The record foreclosure auction of an apartment unit at The Palace luxury complex in Taipei for NT$282 million (US$9.14 million), or about NT$2.06 million per ping (3.3m2), on Tuesday has prompted a public outcry.
Most people felt great frustration and were concerned that absurdly high prices would continue pushing residential housing prices in the greater Taipei area higher; critics said the sale showed the government’s recent efforts to contain property prices had proven useless.
Amid growing calls from the public for government action to deter rampant property speculation, the Ministry of Finance said on Friday it was mulling transaction taxes on homes and land sold within a year of purchase by either amending current tax regulations or drafting new laws.
The ministry’s tax proposal, though not yet finalized, represents another step by the government in its efforts to stabilize the housing market amid concerns that overly high prices could provoke civic instability. It also came after recent market reports suggesting no sign of easing in real-estate sales and housing prices.
At first glance, imposing a capital gains tax on the sale of real estate within a year of purchase would seem to help discourage speculative investment. However, it could be just a case of wishful thinking if the tax authorities have no clue as to what the transaction prices really are.
In Taiwan, home and land transaction prices are usually not publicly disclosed. Unlike Singapore and Hong Kong, Taiwan has no transparency regarding real-estate information, which is known only between buyers and sellers, and therefore provides no benchmark for the calculation of a fair tax, let alone the problem of tax cheats.
The ministry said it was studying establishing a fair value to serve as the base for the potential capital gains tax if its taxmen cannot determine the real transaction price.

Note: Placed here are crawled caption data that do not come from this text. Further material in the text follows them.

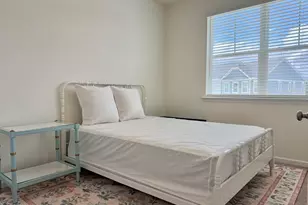 855 Parc Townes Dr, Wendell, NC 27591 - Photo 21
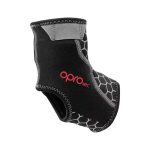 Opro tec Ankle Support with Gripper - Image 2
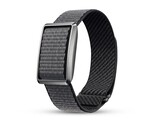 Pebble Qore Ultra nie wymaga subskrypcji.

In the worst-case scenario, the ministry might have to use the “current assessed housing value” (房屋評定現值) to calculate the transaction price and the capital gains tax, but the problem is that a home’s current assessed value is far below its market value.
The same problem applies to the “current assessed land value” (公告現值), which the government currently uses as the tax base for the land value increment tax (土地增值稅), which applies to any transfer in land ownership. According to the ministry’s data, a plot of land’s assessed value is about 80 percent of its market value in Taipei City, while the discrepancy between assessed value and actual market value is much wider elsewhere in Taiwan. The government also uses the land’s current assessed value, which is adjusted once a year, to calculate the compensation for land expropriation. However, there would be no land value increment tax if land changes hands many times within a year, because the current assessed land value would remain the same.
A positive development is that the Cabinet is likely to approve amendments to the Equalization of Land Rights Act (平均地權條例) soon, which will allow it to reassess land value more often to reflect market changes. Under the revised law, the government can adjust the “current assessed land value” many times a year in case of short-term irregular fluctuations in land values. It can also reassess the “publicly announced land value” (公告地價) every year instead of every three years to flexibly adjust the land value tax (地價稅), while raising the tax burden for land and housing speculators.
However, the amendments must still go through a legislative review, and since lawmakers have not put the amendments on their priority list for the current session, no one can be sure about their implementation. What people don’t want to see, however, are government pledges to ensure fair taxation ending up as nothing but empty promises once again.